Ezidi Peshmerga, Hashd al-Shaabi agree to peacefully hand over Shingal

On Tuesday, the Iranian-backed Shiite Hashd al-Shaabi militia and Iraqi Forces entered the Yezidi-city (Ezidi) of Sinjar (Shingal), west of the Kurdistan Region.
author_image Sangar Ali

ERBIL, Kurdistan Region (Kurdistan 24) – On Tuesday, the Iranian-backed Shiite Hashd al-Shaabi militia and Iraqi Forces entered the Yezidi-city (Ezidi) of Sinjar (Shingal), west of the Kurdistan Region.

Both Iraqi Forces and the militia group have entered the center of Shingal from the southern front early Tuesday morning, a Kurdistan 24 correspondent reported.

Clashes erupted between Peshmerga and the Iraqi security forces on the eastern fronts of Shingal, he added.

In a statement released Tuesday, the Peshmerga Command for the western Tigris front claimed the protection of Shingal and surrounding Ezidi areas was under the umbrella of the Ezidi Peshmerga forces, which boast a force of 8,000 soldiers.

The statement mentioned that the Ezidi Peshmerga Commander had agreed with Ezidis who are part of the Hashd al-Shaabi to let the militia enter the city without any fighting and bloodshed.

The Islamic State (IS) overran Shingal in August 2014 as they emerged in the northern Iraq in June of the same year. Peshmerga Forces with the help of the US-led coalition warplanes liberated the city in November 2015.

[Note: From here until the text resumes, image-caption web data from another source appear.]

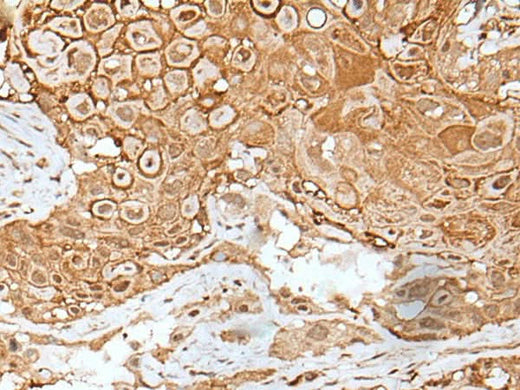 Immunohistochemistry of paraffin-embedded Human esophagus cancer tissue using IL6ST Polyclonal Antibody at dilution of 1:40(×200)
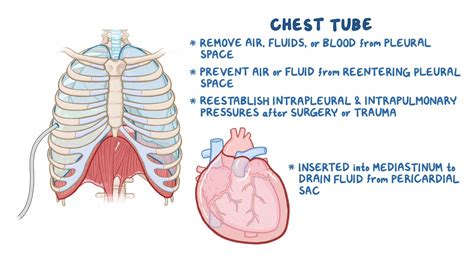Chest Tube Care Nursing Osmosis Video Library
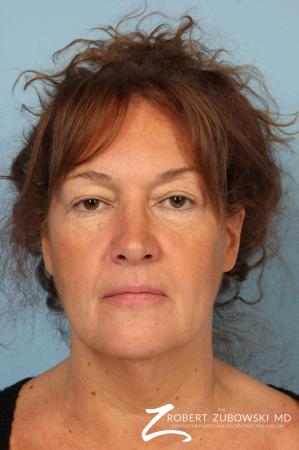 Chemical Peel: Patient 1 - Before Image 1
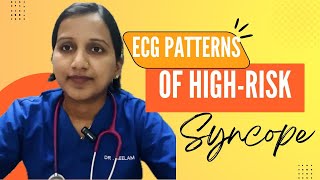 ECG Patterns of HighRisk Syncope [upl. by Leela855]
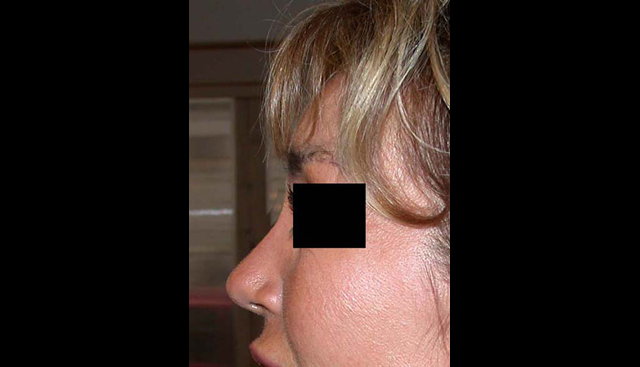 chirurgie-esthetique-interventions-nez-rhinoplasties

On Monday, both Iraqi Forces and the Shiite militias took control of the city of Kirkuk, which has been under the protection of the Peshmerga Forces since mid-2014 after the Iraqi army collapsed and failed to defend the city from the threats of the jihadist group.

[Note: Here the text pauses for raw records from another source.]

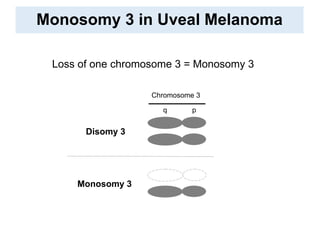 Monosomy 3 in Uveal Melanoma
Loss of one chromosome 3 = Monosomy 3
Disomy 3
Monosomy 3
Chromosome 3
pq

Tensions have significantly escalated between Erbil and Baghdad following the Sep. 25 referendum on independence for the Kurdistan Region.

The federal government has imposed a set of punitive measures and sanctions on the Kurdistan Region for holding the independence vote.

The Kurdistan Regional Government (KRG) has repeatedly called for peaceful dialogue with the Federal Government of Iraq to resolve the dispute, while Iraqi Prime Minister Haider al-Abadi insists on the cancellation of the referendum's results as a pre-condition to initiate talks.